## EXERCISE
Please list all lines of the material below in which the string "Style" occurs.

## GIVEN DATA

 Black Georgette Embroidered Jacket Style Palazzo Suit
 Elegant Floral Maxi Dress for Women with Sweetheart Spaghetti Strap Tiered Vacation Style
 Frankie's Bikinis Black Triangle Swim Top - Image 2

## EXERCISE RESULT
 Black Georgette Embroidered Jacket Style Palazzo Suit
 Elegant Floral Maxi Dress for Women with Sweetheart Spaghetti Strap Tiered Vacation Style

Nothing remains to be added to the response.